I agree with you Dave. The standards were lowered so less qualified borrowers could qualify for a home loan. This created more demand pushing prices higher and higher. Low rates and lower standards lured anyone with a pulse to buy a house or two. When the less qualified borrowers couldn’t keep up with the payments, supply was greater then demand and the bubble burst. We have our senators and congress people to blame for starting it all.
Reply to John
You are right. It is just the tip of the iceberg. These investigations are so labor intensive – chasing the paperwork trail. Some of the indictments we are beginning to see now and will see in the future are the result of investigations that started months and even years ago. They will never catch more than a small percentage.
Reply to John
An associate and I are launching a new website soon to shed light on fraud. We hope we can help assemble the data necessary for a successful investigation.
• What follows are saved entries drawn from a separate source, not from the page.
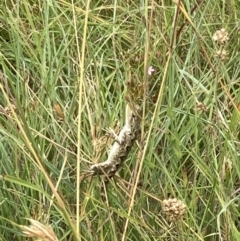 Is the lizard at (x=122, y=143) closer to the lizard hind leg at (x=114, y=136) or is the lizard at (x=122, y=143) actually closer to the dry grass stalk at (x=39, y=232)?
the lizard hind leg at (x=114, y=136)

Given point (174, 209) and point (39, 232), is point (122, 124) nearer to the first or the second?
point (174, 209)

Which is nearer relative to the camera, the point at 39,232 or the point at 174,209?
the point at 39,232

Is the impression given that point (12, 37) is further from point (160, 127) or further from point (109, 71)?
point (160, 127)

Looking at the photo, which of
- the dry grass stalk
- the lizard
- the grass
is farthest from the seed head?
the dry grass stalk

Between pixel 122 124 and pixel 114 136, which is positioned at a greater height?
pixel 114 136

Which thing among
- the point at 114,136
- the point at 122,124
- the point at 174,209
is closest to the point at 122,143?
the point at 114,136

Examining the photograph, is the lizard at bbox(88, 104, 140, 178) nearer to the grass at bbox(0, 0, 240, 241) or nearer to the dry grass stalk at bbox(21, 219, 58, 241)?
the grass at bbox(0, 0, 240, 241)

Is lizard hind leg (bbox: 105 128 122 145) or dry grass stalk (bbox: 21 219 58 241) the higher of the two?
dry grass stalk (bbox: 21 219 58 241) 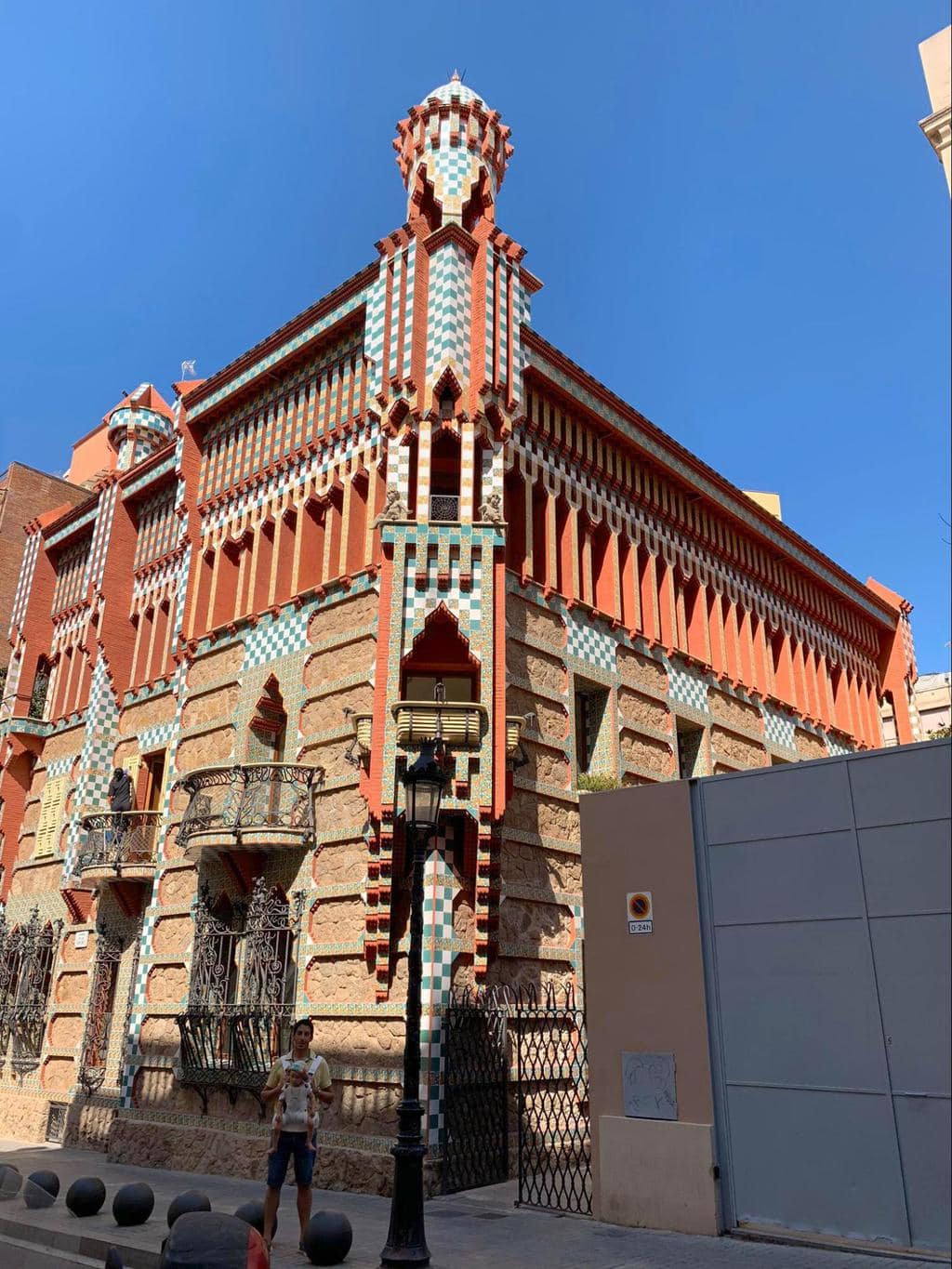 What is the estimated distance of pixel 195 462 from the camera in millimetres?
18391

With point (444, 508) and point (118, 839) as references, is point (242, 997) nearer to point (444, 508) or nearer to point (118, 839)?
point (118, 839)

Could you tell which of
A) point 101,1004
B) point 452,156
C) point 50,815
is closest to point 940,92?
point 452,156

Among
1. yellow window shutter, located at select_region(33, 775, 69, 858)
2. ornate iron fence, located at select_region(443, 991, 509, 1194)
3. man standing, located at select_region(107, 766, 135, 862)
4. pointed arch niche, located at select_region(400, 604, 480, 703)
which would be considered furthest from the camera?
yellow window shutter, located at select_region(33, 775, 69, 858)

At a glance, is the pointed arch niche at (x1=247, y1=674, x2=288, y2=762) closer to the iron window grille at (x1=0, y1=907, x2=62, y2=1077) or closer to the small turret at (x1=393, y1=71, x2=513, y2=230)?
the iron window grille at (x1=0, y1=907, x2=62, y2=1077)

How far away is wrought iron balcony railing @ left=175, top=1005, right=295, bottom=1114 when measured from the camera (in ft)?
41.8

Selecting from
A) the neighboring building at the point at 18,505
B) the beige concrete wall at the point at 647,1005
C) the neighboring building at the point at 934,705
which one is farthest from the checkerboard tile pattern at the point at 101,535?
the neighboring building at the point at 934,705

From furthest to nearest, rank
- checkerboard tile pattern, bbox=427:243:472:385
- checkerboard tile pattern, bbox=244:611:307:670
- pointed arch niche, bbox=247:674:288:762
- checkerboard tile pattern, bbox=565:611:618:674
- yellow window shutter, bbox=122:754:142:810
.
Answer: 1. yellow window shutter, bbox=122:754:142:810
2. checkerboard tile pattern, bbox=565:611:618:674
3. pointed arch niche, bbox=247:674:288:762
4. checkerboard tile pattern, bbox=244:611:307:670
5. checkerboard tile pattern, bbox=427:243:472:385

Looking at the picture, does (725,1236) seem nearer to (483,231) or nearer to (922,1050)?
(922,1050)

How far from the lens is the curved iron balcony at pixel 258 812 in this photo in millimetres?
13289

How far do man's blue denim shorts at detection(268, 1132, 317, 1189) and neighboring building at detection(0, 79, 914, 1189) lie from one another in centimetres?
352

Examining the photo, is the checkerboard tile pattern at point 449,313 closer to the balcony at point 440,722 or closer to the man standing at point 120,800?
the balcony at point 440,722

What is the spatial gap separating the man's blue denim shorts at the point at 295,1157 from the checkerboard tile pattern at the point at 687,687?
434 inches

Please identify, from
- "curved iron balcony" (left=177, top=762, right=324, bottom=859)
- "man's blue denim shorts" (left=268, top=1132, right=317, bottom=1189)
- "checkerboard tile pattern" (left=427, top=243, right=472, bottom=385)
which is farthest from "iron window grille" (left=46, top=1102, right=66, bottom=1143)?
"checkerboard tile pattern" (left=427, top=243, right=472, bottom=385)

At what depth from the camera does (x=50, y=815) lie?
20188 millimetres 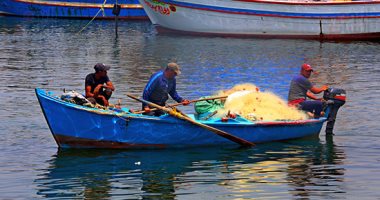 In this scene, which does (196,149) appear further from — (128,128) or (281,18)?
(281,18)

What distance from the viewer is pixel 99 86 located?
19.5 metres

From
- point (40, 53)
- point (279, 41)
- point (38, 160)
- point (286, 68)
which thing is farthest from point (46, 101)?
point (279, 41)

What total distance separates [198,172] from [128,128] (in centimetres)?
198

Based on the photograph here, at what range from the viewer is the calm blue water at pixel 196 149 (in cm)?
1634

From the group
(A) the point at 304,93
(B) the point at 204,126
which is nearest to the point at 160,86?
(B) the point at 204,126

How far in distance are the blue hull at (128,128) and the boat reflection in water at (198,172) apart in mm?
210

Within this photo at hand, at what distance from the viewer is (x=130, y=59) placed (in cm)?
3631

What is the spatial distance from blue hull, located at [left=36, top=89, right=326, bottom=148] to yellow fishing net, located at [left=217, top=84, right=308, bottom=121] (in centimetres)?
30

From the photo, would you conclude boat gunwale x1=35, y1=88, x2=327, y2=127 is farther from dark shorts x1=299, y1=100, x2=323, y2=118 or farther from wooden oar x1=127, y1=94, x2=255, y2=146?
dark shorts x1=299, y1=100, x2=323, y2=118

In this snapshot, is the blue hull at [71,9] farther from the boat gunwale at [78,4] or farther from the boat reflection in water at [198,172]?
the boat reflection in water at [198,172]

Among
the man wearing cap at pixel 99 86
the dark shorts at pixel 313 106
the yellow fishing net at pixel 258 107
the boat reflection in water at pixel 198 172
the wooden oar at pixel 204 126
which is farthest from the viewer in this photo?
the dark shorts at pixel 313 106

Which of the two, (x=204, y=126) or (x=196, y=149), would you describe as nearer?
(x=204, y=126)

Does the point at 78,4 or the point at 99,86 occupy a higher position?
the point at 99,86

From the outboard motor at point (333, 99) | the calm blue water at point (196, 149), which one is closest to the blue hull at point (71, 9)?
the calm blue water at point (196, 149) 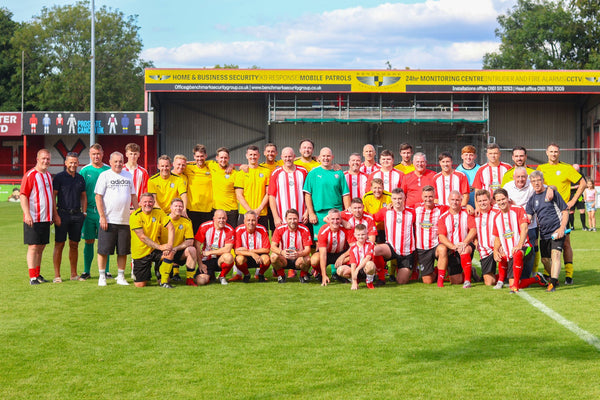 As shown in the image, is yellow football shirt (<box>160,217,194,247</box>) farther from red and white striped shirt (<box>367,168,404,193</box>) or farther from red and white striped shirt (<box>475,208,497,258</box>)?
red and white striped shirt (<box>475,208,497,258</box>)

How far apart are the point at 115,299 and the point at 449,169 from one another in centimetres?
427

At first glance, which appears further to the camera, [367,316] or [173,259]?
[173,259]

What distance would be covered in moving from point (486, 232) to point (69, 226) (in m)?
4.98

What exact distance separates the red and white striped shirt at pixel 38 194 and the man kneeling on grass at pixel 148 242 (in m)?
1.02

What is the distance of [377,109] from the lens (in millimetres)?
33344

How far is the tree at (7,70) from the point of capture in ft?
167

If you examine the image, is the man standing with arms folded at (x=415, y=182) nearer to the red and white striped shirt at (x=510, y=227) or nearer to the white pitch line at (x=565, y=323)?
the red and white striped shirt at (x=510, y=227)

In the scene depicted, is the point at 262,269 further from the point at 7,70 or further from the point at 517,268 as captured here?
the point at 7,70

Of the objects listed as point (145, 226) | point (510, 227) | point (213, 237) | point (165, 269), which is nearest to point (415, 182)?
point (510, 227)

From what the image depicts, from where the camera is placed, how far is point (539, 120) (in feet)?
117

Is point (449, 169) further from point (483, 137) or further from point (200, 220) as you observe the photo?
point (483, 137)

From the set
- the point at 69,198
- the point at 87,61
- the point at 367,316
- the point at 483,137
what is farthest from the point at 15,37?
the point at 367,316

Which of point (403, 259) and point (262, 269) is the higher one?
point (403, 259)

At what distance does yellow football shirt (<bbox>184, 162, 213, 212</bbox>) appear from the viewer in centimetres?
872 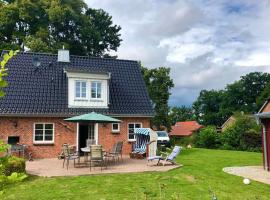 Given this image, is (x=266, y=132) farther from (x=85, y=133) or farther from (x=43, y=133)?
(x=43, y=133)

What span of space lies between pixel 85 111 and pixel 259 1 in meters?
13.7

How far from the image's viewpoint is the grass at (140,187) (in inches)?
392

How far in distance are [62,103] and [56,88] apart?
131 centimetres

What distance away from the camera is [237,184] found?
38.5ft

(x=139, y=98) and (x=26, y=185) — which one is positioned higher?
(x=139, y=98)

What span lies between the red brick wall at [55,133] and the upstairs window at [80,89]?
6.34 ft

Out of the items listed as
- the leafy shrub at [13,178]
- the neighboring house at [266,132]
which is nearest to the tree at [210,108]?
the neighboring house at [266,132]

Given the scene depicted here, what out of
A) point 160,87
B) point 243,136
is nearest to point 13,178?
point 160,87

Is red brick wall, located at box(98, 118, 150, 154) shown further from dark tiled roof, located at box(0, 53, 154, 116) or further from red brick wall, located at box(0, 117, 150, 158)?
dark tiled roof, located at box(0, 53, 154, 116)

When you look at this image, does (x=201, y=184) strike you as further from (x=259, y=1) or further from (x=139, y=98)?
(x=139, y=98)

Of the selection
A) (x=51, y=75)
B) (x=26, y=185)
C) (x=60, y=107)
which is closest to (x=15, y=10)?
(x=51, y=75)

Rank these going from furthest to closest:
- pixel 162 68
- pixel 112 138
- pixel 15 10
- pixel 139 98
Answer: pixel 15 10 < pixel 162 68 < pixel 139 98 < pixel 112 138

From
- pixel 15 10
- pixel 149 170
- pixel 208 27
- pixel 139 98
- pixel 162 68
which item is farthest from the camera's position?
pixel 15 10

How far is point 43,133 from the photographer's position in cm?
2144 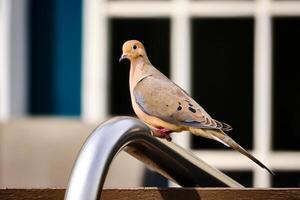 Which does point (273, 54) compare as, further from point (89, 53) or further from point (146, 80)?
point (146, 80)

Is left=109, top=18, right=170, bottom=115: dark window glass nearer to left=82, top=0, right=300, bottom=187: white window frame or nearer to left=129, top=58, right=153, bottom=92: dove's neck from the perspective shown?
left=82, top=0, right=300, bottom=187: white window frame

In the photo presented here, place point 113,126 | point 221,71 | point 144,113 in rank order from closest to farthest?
point 113,126 < point 144,113 < point 221,71

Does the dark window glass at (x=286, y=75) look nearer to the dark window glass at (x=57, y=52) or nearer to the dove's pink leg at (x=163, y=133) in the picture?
the dark window glass at (x=57, y=52)

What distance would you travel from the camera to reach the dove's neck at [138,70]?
1272 millimetres

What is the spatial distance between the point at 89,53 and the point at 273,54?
103 centimetres

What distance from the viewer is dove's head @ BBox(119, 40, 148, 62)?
51.2 inches

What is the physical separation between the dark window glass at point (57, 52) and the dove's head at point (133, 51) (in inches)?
176

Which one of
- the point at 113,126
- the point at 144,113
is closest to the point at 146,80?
the point at 144,113

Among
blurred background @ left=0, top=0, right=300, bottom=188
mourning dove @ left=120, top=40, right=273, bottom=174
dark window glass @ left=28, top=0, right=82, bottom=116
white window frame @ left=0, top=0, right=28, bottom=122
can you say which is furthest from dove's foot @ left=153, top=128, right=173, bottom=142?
dark window glass @ left=28, top=0, right=82, bottom=116

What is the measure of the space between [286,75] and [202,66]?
18.6 inches

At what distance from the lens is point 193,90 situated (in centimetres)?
564

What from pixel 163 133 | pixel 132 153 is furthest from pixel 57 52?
pixel 163 133

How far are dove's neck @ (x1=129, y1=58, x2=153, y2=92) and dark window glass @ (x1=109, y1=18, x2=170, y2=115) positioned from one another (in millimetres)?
4261

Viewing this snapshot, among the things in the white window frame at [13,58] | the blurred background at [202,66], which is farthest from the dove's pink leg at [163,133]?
the white window frame at [13,58] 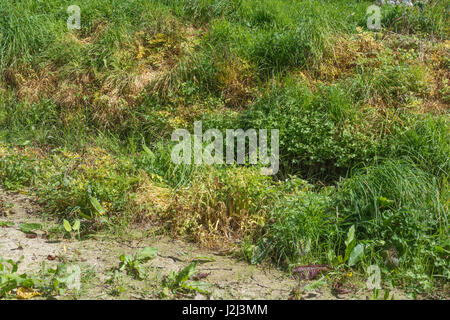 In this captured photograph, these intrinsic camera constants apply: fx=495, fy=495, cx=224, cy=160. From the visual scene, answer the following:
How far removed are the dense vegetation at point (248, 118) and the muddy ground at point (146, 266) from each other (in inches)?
6.9

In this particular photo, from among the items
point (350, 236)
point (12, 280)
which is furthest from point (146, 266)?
point (350, 236)

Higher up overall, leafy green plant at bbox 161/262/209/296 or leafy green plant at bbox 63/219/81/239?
leafy green plant at bbox 63/219/81/239

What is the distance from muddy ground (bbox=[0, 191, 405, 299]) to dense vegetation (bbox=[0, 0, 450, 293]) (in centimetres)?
18

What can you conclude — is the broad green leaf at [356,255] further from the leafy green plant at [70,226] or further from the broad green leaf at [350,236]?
the leafy green plant at [70,226]

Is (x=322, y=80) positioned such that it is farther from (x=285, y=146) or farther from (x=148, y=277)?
(x=148, y=277)

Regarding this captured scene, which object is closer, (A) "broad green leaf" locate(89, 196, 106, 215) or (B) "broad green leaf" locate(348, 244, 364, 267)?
(B) "broad green leaf" locate(348, 244, 364, 267)

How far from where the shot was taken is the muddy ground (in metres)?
3.74

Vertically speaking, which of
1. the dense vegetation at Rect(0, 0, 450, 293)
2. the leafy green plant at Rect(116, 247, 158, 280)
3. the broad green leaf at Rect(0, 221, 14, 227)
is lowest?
the leafy green plant at Rect(116, 247, 158, 280)

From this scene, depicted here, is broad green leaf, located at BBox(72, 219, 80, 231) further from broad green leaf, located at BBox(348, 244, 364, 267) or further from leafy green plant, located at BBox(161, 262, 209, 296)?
broad green leaf, located at BBox(348, 244, 364, 267)

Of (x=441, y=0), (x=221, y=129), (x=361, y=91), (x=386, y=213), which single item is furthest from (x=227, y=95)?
(x=441, y=0)

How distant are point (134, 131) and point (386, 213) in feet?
10.8

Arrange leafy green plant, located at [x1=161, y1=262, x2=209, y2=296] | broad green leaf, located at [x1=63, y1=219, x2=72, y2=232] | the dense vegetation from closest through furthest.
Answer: leafy green plant, located at [x1=161, y1=262, x2=209, y2=296], the dense vegetation, broad green leaf, located at [x1=63, y1=219, x2=72, y2=232]

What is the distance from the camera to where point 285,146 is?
18.1ft

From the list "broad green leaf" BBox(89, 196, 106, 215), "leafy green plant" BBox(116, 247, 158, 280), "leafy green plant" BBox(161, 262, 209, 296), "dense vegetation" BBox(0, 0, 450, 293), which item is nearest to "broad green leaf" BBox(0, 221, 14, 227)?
"dense vegetation" BBox(0, 0, 450, 293) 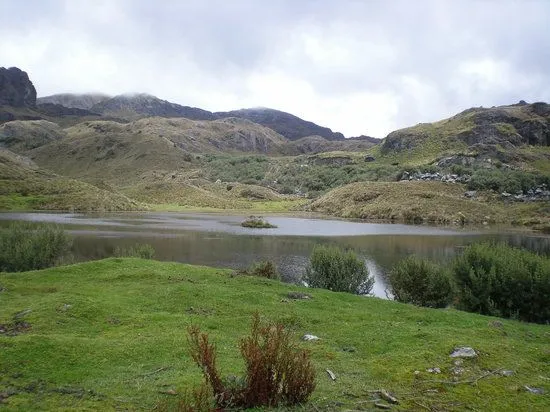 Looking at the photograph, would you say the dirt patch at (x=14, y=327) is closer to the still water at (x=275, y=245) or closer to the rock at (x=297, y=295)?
the rock at (x=297, y=295)

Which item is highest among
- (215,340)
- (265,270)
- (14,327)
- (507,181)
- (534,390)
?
(507,181)

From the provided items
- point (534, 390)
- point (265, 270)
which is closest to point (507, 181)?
point (265, 270)

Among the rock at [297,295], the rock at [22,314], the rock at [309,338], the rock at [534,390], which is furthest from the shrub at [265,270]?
the rock at [534,390]

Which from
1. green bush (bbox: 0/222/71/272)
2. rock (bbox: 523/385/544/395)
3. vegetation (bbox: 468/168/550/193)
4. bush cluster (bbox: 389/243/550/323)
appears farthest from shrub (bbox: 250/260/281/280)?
vegetation (bbox: 468/168/550/193)

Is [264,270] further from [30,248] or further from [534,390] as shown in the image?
[534,390]

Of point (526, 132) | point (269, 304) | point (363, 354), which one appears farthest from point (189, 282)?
point (526, 132)

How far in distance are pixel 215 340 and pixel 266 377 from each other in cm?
536

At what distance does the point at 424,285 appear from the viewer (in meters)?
25.5

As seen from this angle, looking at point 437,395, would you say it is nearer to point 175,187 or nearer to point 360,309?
point 360,309

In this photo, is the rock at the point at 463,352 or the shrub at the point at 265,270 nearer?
the rock at the point at 463,352

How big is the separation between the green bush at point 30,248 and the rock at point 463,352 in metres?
25.7

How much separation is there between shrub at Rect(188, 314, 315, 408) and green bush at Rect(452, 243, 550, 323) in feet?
55.1

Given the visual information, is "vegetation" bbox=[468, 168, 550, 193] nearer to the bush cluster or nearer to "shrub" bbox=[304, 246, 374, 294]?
"shrub" bbox=[304, 246, 374, 294]

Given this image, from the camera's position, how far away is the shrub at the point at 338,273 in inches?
1097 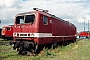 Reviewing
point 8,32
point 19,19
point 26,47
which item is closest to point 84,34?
point 8,32

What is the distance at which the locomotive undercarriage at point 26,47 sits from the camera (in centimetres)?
1376

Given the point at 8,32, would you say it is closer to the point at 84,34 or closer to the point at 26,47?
the point at 26,47

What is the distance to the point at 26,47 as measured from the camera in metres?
13.8

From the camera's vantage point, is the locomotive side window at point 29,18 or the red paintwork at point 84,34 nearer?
the locomotive side window at point 29,18

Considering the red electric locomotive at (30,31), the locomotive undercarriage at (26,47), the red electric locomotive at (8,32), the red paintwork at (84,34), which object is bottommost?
the red paintwork at (84,34)

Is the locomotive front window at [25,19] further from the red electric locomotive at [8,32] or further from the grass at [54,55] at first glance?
the red electric locomotive at [8,32]

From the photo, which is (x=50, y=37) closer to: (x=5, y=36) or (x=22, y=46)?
(x=22, y=46)

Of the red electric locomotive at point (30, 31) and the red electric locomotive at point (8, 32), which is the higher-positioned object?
the red electric locomotive at point (30, 31)

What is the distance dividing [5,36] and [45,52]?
88.8 ft

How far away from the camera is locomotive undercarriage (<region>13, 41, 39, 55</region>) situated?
1376 cm

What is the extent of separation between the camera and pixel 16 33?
14.8 metres

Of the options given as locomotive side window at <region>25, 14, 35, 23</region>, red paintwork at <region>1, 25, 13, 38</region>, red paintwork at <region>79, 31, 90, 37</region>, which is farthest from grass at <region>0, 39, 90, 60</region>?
red paintwork at <region>79, 31, 90, 37</region>

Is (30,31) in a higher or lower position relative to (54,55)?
higher

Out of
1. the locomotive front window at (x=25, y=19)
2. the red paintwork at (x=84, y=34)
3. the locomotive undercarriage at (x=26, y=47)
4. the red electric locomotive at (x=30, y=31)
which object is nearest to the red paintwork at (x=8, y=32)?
the red electric locomotive at (x=30, y=31) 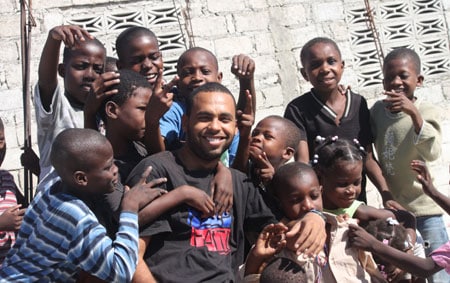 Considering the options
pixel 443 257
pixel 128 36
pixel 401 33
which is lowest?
pixel 443 257

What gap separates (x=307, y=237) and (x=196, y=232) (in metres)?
0.51

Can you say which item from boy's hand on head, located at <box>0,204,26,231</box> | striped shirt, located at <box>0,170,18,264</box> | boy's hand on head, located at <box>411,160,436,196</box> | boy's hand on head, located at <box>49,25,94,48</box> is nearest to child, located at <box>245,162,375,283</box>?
boy's hand on head, located at <box>411,160,436,196</box>

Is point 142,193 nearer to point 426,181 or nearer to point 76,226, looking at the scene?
point 76,226

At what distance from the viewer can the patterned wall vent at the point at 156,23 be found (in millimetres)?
6480

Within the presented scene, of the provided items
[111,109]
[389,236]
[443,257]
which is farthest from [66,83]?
[443,257]

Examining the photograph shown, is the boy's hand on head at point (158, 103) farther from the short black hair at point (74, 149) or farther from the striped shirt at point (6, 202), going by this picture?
the striped shirt at point (6, 202)

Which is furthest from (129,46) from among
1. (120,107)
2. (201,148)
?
(201,148)

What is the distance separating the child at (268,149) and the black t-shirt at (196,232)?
0.77 feet

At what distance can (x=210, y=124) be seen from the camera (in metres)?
3.65

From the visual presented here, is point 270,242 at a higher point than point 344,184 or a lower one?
lower

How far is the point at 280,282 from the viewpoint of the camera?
3.55 meters

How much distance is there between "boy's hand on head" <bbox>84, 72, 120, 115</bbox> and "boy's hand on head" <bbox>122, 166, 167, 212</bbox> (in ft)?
1.78

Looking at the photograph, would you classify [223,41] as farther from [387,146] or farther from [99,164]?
[99,164]

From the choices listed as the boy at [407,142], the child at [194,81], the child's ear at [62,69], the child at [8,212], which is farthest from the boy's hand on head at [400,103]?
the child at [8,212] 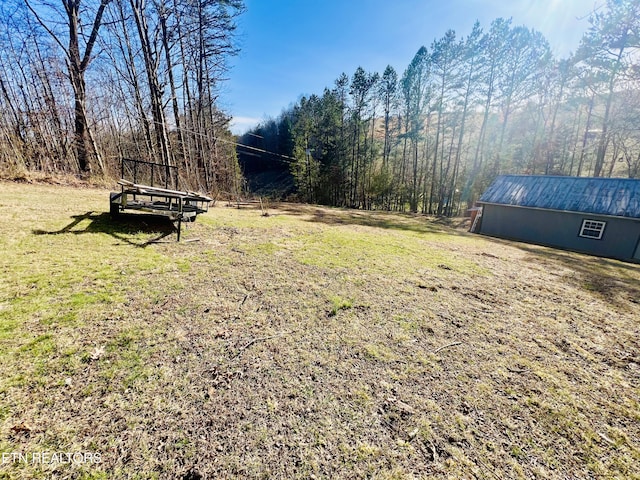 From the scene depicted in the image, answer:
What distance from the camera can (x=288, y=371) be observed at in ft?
6.93

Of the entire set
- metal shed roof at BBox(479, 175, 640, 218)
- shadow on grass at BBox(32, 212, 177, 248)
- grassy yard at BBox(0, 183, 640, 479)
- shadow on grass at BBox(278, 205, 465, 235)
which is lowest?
grassy yard at BBox(0, 183, 640, 479)

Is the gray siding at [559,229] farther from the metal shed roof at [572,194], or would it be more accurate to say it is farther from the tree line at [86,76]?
the tree line at [86,76]

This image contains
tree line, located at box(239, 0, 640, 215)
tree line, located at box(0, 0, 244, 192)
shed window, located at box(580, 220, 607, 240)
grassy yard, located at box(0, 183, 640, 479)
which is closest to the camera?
grassy yard, located at box(0, 183, 640, 479)

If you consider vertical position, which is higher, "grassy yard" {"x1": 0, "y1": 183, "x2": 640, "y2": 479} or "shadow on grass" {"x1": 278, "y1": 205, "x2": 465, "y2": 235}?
"shadow on grass" {"x1": 278, "y1": 205, "x2": 465, "y2": 235}

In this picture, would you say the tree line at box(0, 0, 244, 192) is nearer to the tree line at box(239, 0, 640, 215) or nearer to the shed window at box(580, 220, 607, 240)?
the tree line at box(239, 0, 640, 215)

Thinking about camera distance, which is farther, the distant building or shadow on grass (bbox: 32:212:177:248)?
the distant building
We urge those with information to contact us. Watch for the new website. It will be announced in GoToby.com.
Reply to Barb
Yes, it will be looking at fraud anywhere along the transaction path from real estate sales agents and brokers, to appraisers, loan originators, title companies, and lenders.
Reply to Barb
Yes, we will be looking at fraud everywhere along the transaction path from real estate sales agents and brokers, to appraisers, loan originators, title companies, and lenders.